Thank you again for helping me.

[Smythics]

Hi. Dave's not in the office today so I'll try to help.

I went and talked to one of our biologists and he stressed that these sensors are not intended to be used in situ for long periods of time, but rather calibrated and then used to measure a sample. When you need another reading you need to calibrate again (or take your chances...) and measure. The issue is that the membranes for both of these sensors change over time.

I'll refer you back to Dave's comment that our sensors may not be the best for this application. We've had some inquiries about this for tilapia projects in their classrooms, etc. but I haven't heard of any successful "hands free" monitoring systems.

If I've misinterpreted your set up, please let me know.
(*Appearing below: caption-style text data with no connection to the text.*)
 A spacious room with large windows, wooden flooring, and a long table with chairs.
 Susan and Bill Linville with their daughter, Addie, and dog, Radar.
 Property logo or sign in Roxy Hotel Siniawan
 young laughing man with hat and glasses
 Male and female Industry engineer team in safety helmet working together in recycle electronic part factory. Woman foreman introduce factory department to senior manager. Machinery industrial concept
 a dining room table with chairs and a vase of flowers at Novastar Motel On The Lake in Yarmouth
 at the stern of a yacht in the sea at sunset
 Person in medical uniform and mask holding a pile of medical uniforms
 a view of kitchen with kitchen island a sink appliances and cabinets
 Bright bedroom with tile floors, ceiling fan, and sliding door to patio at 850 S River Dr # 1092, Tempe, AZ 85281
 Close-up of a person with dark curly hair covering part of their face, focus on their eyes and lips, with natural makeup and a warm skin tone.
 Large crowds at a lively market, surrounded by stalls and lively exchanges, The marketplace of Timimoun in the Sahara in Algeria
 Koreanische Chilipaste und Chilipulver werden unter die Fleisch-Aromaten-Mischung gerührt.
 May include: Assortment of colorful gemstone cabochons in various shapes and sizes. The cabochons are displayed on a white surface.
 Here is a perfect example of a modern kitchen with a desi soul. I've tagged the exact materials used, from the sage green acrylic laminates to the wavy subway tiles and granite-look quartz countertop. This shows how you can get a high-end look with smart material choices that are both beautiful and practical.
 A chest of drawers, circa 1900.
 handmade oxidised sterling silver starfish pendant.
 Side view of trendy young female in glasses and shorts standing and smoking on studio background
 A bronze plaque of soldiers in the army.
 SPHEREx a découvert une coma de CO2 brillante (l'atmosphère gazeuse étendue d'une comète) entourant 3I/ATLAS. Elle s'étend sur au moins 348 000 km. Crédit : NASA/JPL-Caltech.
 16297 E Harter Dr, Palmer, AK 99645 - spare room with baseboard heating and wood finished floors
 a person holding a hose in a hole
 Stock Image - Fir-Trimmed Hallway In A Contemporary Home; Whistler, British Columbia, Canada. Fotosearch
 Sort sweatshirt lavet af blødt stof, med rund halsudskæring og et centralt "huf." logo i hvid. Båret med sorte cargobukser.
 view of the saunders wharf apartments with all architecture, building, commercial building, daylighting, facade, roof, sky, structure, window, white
A photo of the set up may be helpful.

Tom

[dvernier]

Hello,

I am away on vacation until Oct 3rd. There are other people at the office who can help you, but to know who to recommend, I am still trying to figure out what exactly you are doing. We have never used Arduino With LabVIEW. If that is what you are doing, contact Sam Swartley, sswartley@vernier.com.

The fact that you are reading 0 volts, makes me suspicious that you are not reading the voltage properly.

Here is something to try, which could help pin this down: with the program running, swap a working sensor with a non-working sensor. Do you still get a 0 reading? Of course, the reading cannot be right, but it should at least be non-zero.

As I said last time, the fastest way to resolve this would be for you to call our office.

Dave Vernier

Sent from my iPhone

On Sep 16, 2016, at 3:31 PM, YukiSakuma notifications@github.com wrote:

This leads me to my next question, what does it mean when both my Ammonium ISE and DO register flat 0V readings in the Arduino COM Monitor? I limited them only to sampling purposes and stowed them when they were not in use.